# [Goal of the exercise]
Lines below starting with the line with "Inhale up and back. Exhale, hands" and going on through the line with "Next, set your" must be output exactly; the rest of the records must be left out.

# [Given records]
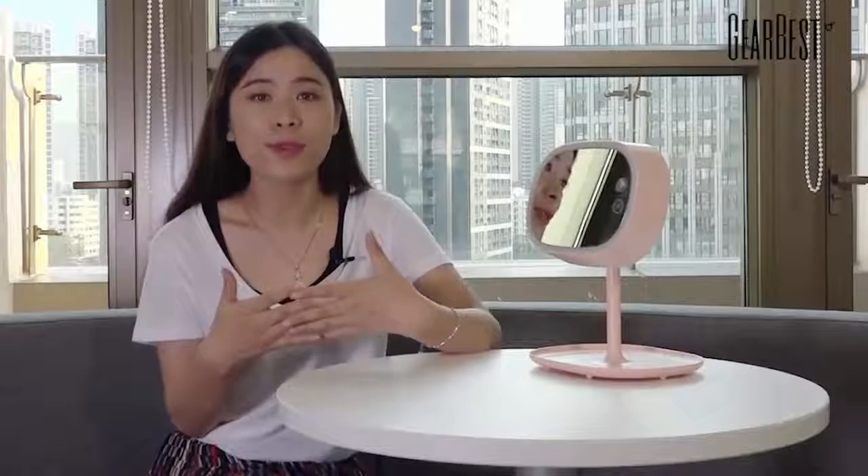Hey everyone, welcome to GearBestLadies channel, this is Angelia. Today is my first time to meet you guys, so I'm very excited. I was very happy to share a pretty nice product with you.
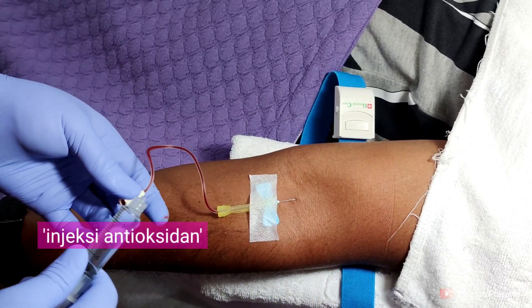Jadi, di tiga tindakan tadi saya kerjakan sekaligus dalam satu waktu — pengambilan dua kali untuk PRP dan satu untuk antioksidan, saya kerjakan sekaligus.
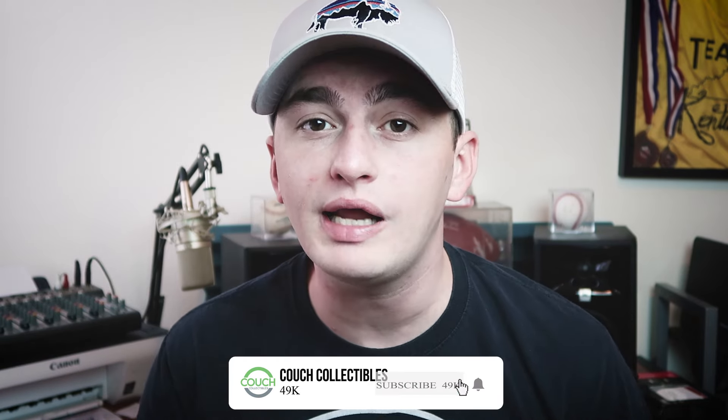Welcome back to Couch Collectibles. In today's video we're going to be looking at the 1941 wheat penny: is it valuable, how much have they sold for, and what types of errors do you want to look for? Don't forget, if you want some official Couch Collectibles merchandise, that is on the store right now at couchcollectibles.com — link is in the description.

--

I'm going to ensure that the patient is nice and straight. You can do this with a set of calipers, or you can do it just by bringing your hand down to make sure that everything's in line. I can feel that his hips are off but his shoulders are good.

* * *

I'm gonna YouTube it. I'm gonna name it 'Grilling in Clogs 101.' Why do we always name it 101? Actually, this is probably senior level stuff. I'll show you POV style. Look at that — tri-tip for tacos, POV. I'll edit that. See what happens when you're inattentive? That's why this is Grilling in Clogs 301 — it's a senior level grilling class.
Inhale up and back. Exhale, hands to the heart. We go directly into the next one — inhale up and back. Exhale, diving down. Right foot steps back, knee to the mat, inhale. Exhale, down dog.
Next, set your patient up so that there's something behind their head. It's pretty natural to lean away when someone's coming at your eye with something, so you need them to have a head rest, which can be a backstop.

# [Written reply]
Inhale up and back. Exhale, hands to the heart. We go directly into the next one — inhale up and back. Exhale, diving down. Right foot steps back, knee to the mat, inhale. Exhale, down dog.
Next, set your patient up so that there's something behind their head. It's pretty natural to lean away when someone's coming at your eye with something, so you need them to have a head rest, which can be a backstop.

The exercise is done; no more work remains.